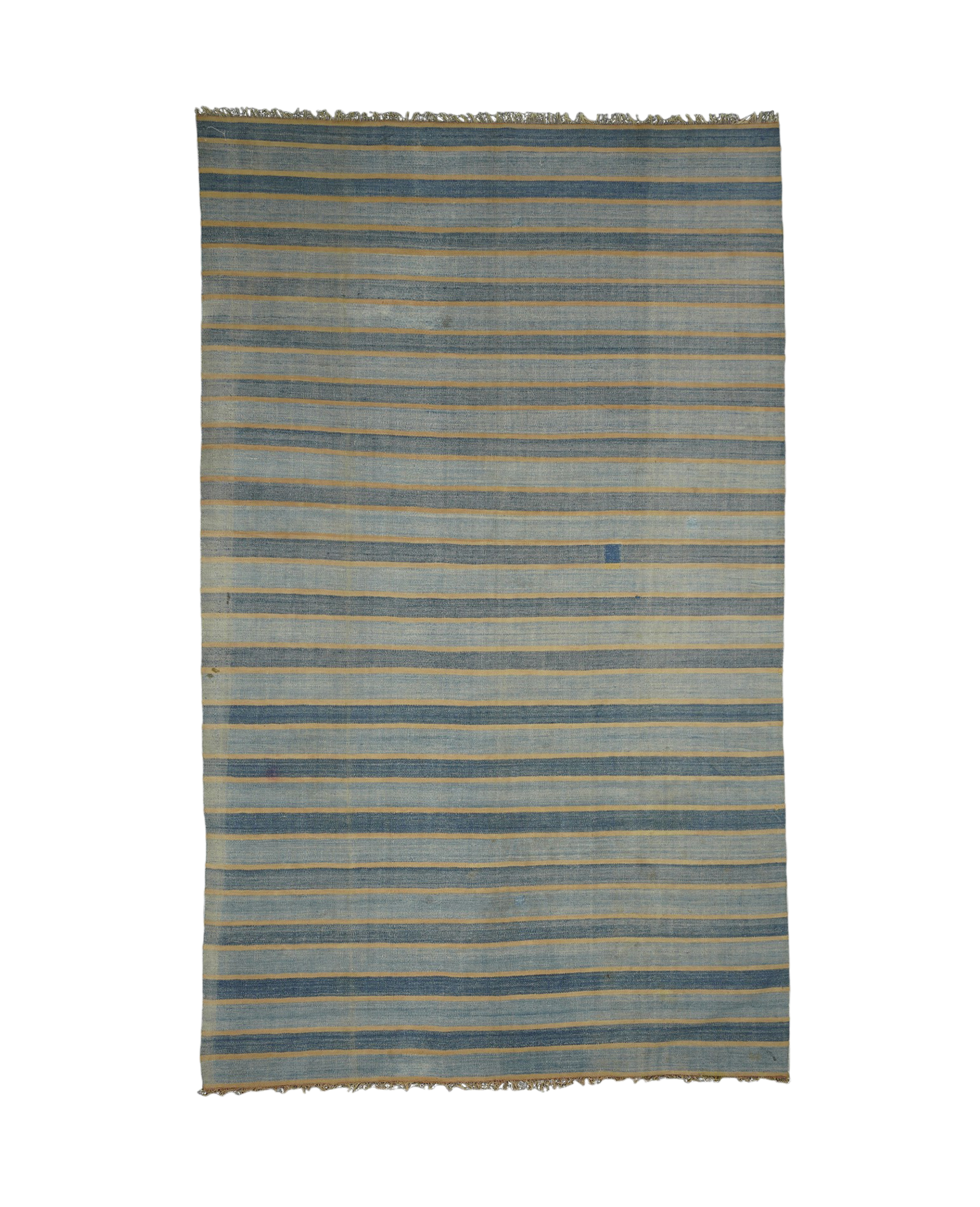Vintage Dhurrie Rug - Light Blue Stripes from India made of Cotton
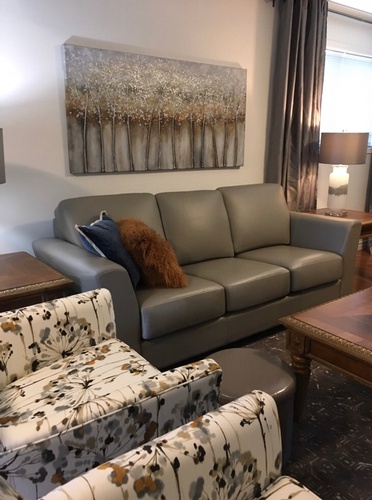 Living Room With Grey Leather Sofa - Interior Decorating Services Greater Sudbury ON by INTERIORS by NICOLE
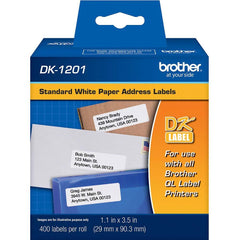 Brother - Labels, Ribbons & Tapes; Type: Label ; Color: Black on White ; For Use With: Brother QL-1050; QL-1060N; QL-1100; QL-1110NWB; QL-500; QL-700; QL-710W; QL-720NW; QL-800; QL-810W; QL-820NWB; QL-1050N; QL-550; QL-570; QL-570VM; QL-580N; QL-650TD La - Exact Tool & Supply
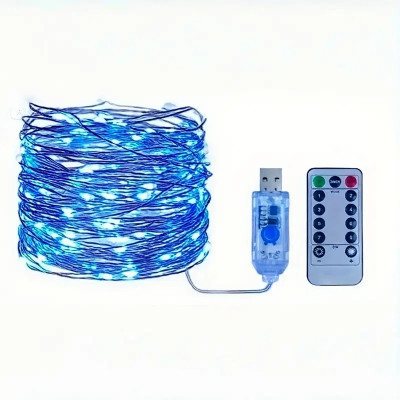 Гірлянда Роса 5м, 50 LED, срібний дріт, USB, пульт, синій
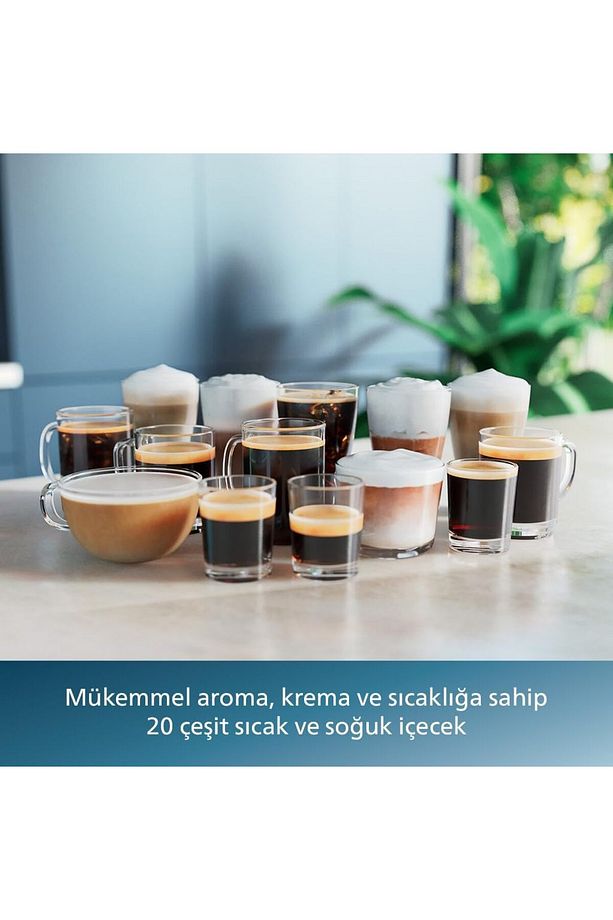 20 Sıcak ve Soğuk İçecek, Tam Otomatik LatteGo Espresso Aromatik Kahve,  Siyah Krom - 5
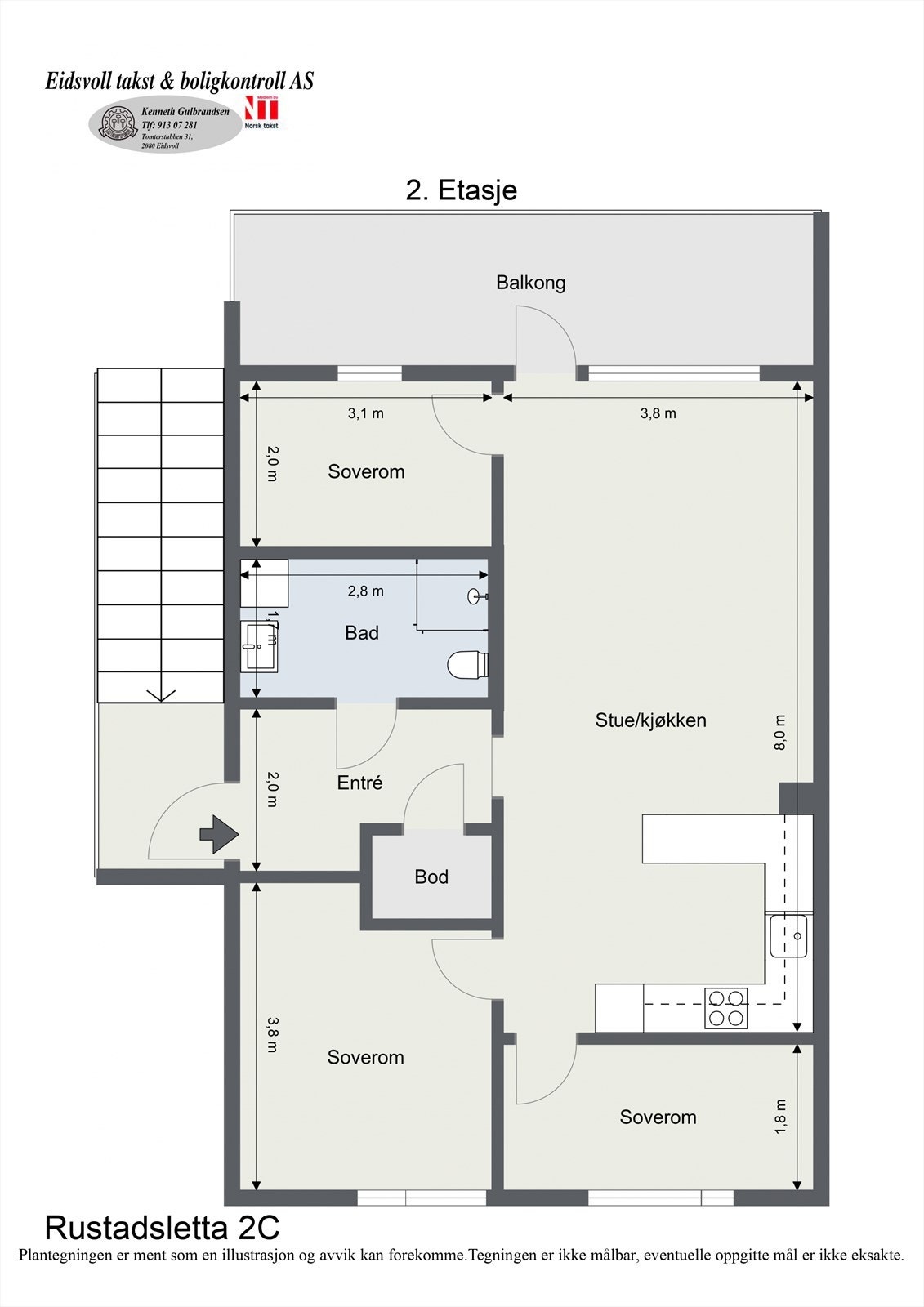Plantegning av leiligheten som ligger fint til i 2. etasje. Galleribilde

=-=-=

Directions for this task: Print the lines from the beginning of the records up to and including the line containing "Living Room With", word for word, with no pictures.

Task output:
Vintage Dhurrie Rug - Light Blue Stripes from India made of Cotton
 Living Room With Grey Leather Sofa - Interior Decorating Services Greater Sudbury ON by INTERIORS by NICOLE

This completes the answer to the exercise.